Gabriel Medina tem fama de ser um menino exemplar. Um jovem muito religioso que, segundo sua mãe, “continua sendo humilde e boa gente”. Apesar das tentações que seguramente o assaltarão a partir de agora: se os jornais brasileiros lhe dão fotos de primeira página, os patrocinadores (Gilette, Rip Curl, Guaraná Antarctica, Mitsubishi, Oakley e Samsung, para citar alguns) inundam a televisão e a web com anúncios e homenagens. Medina arrasta uma multidão por onde passa; na verdade, no Havaí passou a maior parte do tempo na casa de um de seus patrocinadores, para escapar do assédio midiático e popular. Esta semana cancelou o desfile sobre um caminhão de bombeiros previsto para o dia 24 por sua cidade natal por causa das inundações registradas no Estado de São Paulo.

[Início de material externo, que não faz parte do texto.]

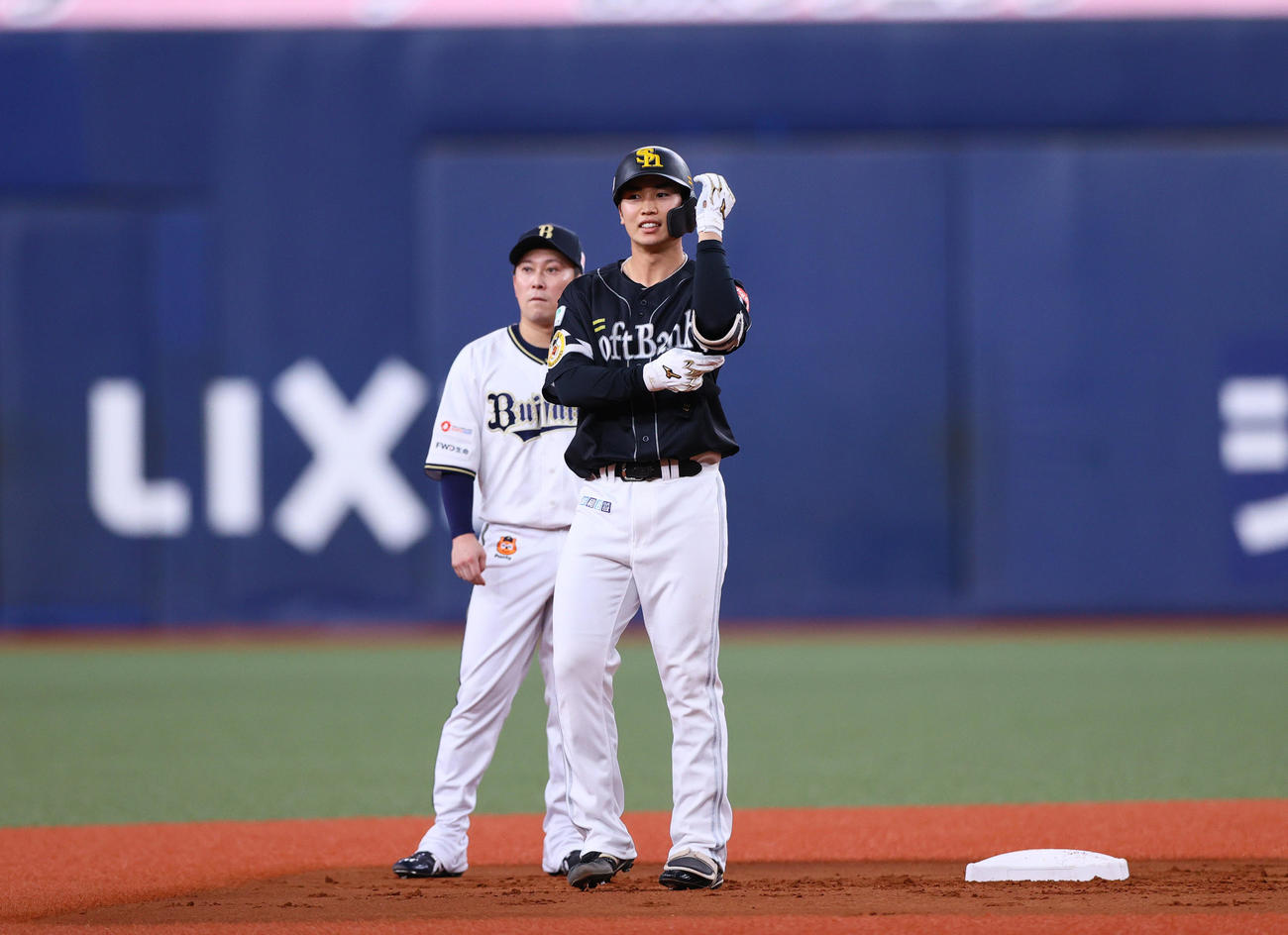 オリックス対ソフトバンク　3回表ソフトバンク1死、広瀬は左二塁打を放つ（撮影・上山淳一）
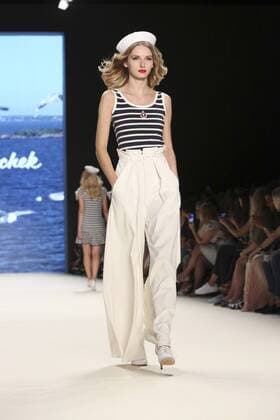 Model bei der Lena Hoschek Fashion Show auf der Mercedes-Benz Fashion Week Berlin Spring Summer 2017. Berlin, 30.06.2016 Foto:xS.xGabschx xFuturexImage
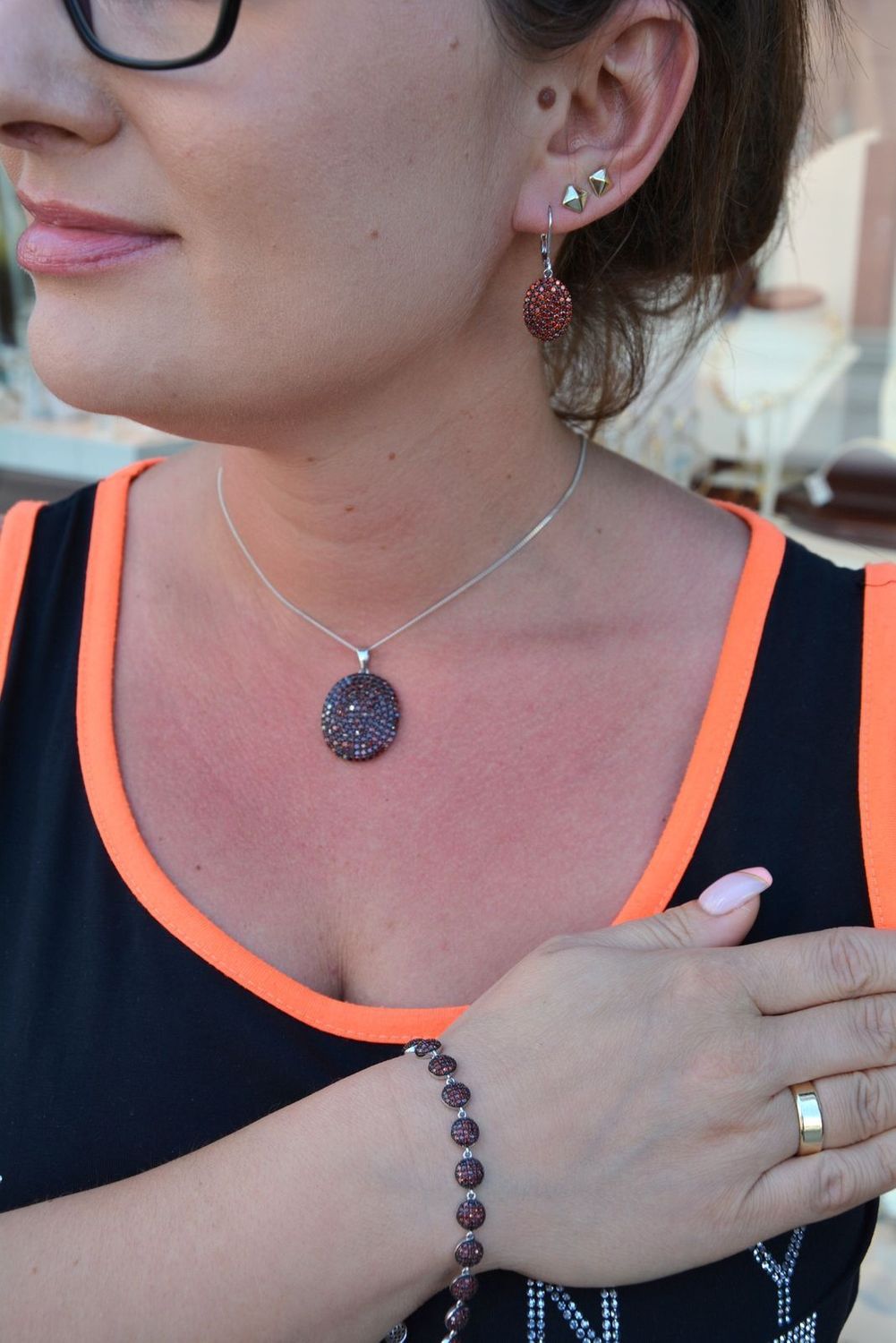 Kolczyki srebrne wiszące z czerwonymi cyrkoniami DIA-KLC-2931-925.jpg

Medina já tem programas de TV especialmente dedicados a ele (Mundo Medina, no canal Off, e Medina 360º, na TV Globo). É o surfista que mais dinheiro ganhou este ano no circuito mundial: quase meio milhão de dólares. Na Internet, ele arrasa: mais de 700.000 seguidores no Facebook e quase um milhão no Instagram. Sua família acompanha de perto para evitar os riscos associados à fama: “Ele sempre se afastou das drogas e das festas”, afirmou para a imprensa seu técnico e padrasto, Charles Rodrigues; “ele foca nos treinamentos e respeita as regras familiares. Tem muita consciência e maturidade”. Sua avó materna, de origem chilena, cujo sobrenome Gabriel usa, o chama de “espartano”. Sempre brinquei que ele era o [bailarino russo Rudolf] Nureyev dos mares”.

É o surfista que mais dinheiro ganhou este ano no circuito mundial: quase meio milhão de dólares

Desde 2012 seu agente, César Villares, e seu treinador-padrasto promovem encontros com outros esportistas brasileiros de sucesso para acostumá-lo a esse mundo exclusivo e “completar sua instrução”. Com um deles, Neymar Jr., desenvolveu uma amizade (em outubro, pouco antes da prova portuguesa na qual já poderia se consagrar campeão, passou dois dias na casa do jogador em Barcelona). No avião que o trouxe do Havaí a São Paulo fez 21 anos. “Quero ser melhor que Kelly Slater”, disse enrolado em uma bandeira “verde-amarela” depois de aterrissar. Medina é forte candidato a se transformar em ícone popular de um país com quase 8.000 quilômetros de costa e grande tradição surfista, obcecado pelo esporte e pela praia, ansioso para produzir novos craques e recuperar no banquete poliesportivo das Olimpíadas do Rio de Janeiro parte do orgulho ferido pelos 7 a 1 da Alemanha na Copa do Mundo passada. Segundo Adrian Kojin, “ele tem potencial para ocupar no imaginário do público brasileiro o lugar que ocuparam Ayrton Senna, Guga Kuerten e Anderson Silva”.

Gabriel Medina disse em uma entrevista coletiva recente que a profissão de surfista já não é a do “vagabundo que passa o dia fumando maconha... Isso mudou. É uma profissão decente e de esportistas sérios. Vou aos Estados Unidos ou Austrália e vejo moleques de nove anos com a prancha cheia de patrocinadores. Aqui vejo moleques com o mesmo talento e nenhum patrocínio”. Na atraente praia carioca do Arpoador, a poucos metros de Ipanema, um dos berços do surfe brasileiro, um vendedor de água de coco sorri diante da pergunta de se sabe quem é Gabriel Medina. “Gabriel Medina...? Claro, cara... É o Neymar do surfe”.